Facing Past Fears
9 November 2008
3 Comments
I’m trying to get some work done this morning before celebrating my mom’s birthday, but I’m a big procrastinator and decided to pay a visit to my blog. Today’s topic? My fears. Or more specifically, things I’ve been afraid of in the past. I was looking through some old pictures, plaques and other memory-triggering things in the bedroom I grew up in, and I was reminded of some of the things I used to worry about.
Elementary school
- I was pretty shy and afraid to go to some birthday parties for friends in the neighborhood. It was really strange, because I’d play down the street with the kids, maybe shooting hoops or jumping on a trampoline, but a birthday party just felt like an event and I was always nervous about them.
- I went through a brief period when I was afraid to eat things. I think it was just a strange week for me, but I had a hard time imagining the food just disappearing from the planet and me being responsible for it. I think understanding that the food digests and exists in a different form helped me get through it.
Middle School
- I would get extremely nervous about the first day of school. It’s tough to say exactly what I was afraid of. It wasn’t just the end of the summer that had me upset. I think I was really nervous about who would be in my classes. If I had a rough time with some kids the previous year, I was always awake the night before hoping they wouldn’t be in my classes that year.
High School
- I definitely gained a healthy (or unhealthy, maybe) fear of failure in high school. I made it all the way through all four years without getting a B on any report card until senior year, when my 91.4% in AP British Literature wasn’t quite high enough (91.5%) to round up to an A.
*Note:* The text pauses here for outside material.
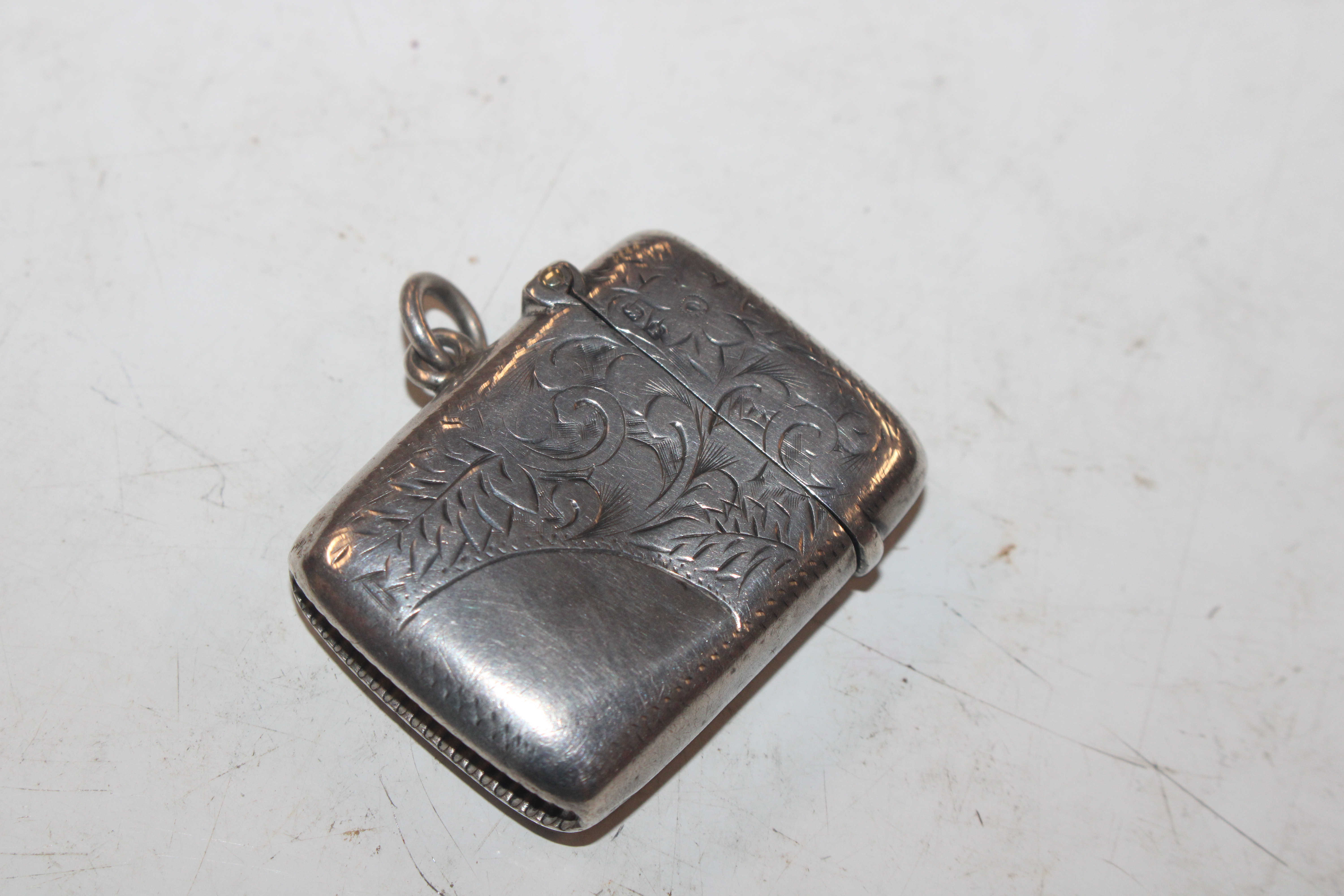 A silver vesta case; a silver stamp case; a silver - Image 8 of 22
- Girls. I thought they were awesome to talk to and get to know in school, but I was pretty terrified at the thought of asking one on a date.
- Dances. I only went to one dance throughout high school, and it was prom my junior year. And I went because a girl called and asked me. It turned out that she may have liked me more than I was into her, and if I remember correctly, we may have never talked again after prom.
College
- If I had a fear in college, it was probably that I wouldn’t find a career I’d enjoy. I was interested in tons of things, but had a hard time seeing myself doing any of them for a living. Luckily, my lack of career direction led me to apply for a Master’s degree at Ohio State. Things could not have worked out much better.
Of course those are just the fears I’m willing to put public on a blog. What am I afraid of today? Well that’s the beauty of admitting past fears. You don’t have to talk about the present day!








A very pensive post. Well done.
Your middle school, high school (substitute “boys” for “girls”), and college fears sound very familiar. And junior prom — I have to laugh, or else I’ll cringe. Funny in retrospect, but horribly awkward at the time. And no, I don’t think you two ever spoke to each other again.
Thanks for the comments. Caitlin, sorry if that was awkward for anyone involved. She moved out of Ohio though, right? Did I drive her from the state?
One more childhood fear just came to mind. When I was maybe 5 years old, I was afraid to sleep. I didn’t like the idea of “turning my brain off.” I tried to explain this to my parents and their solution was for me to get in bed and count to something like 500, and I’d be asleep. Well, they didn’t realize how much I loved numbers. “500! I’m done. I don’t need to sleep now, right?”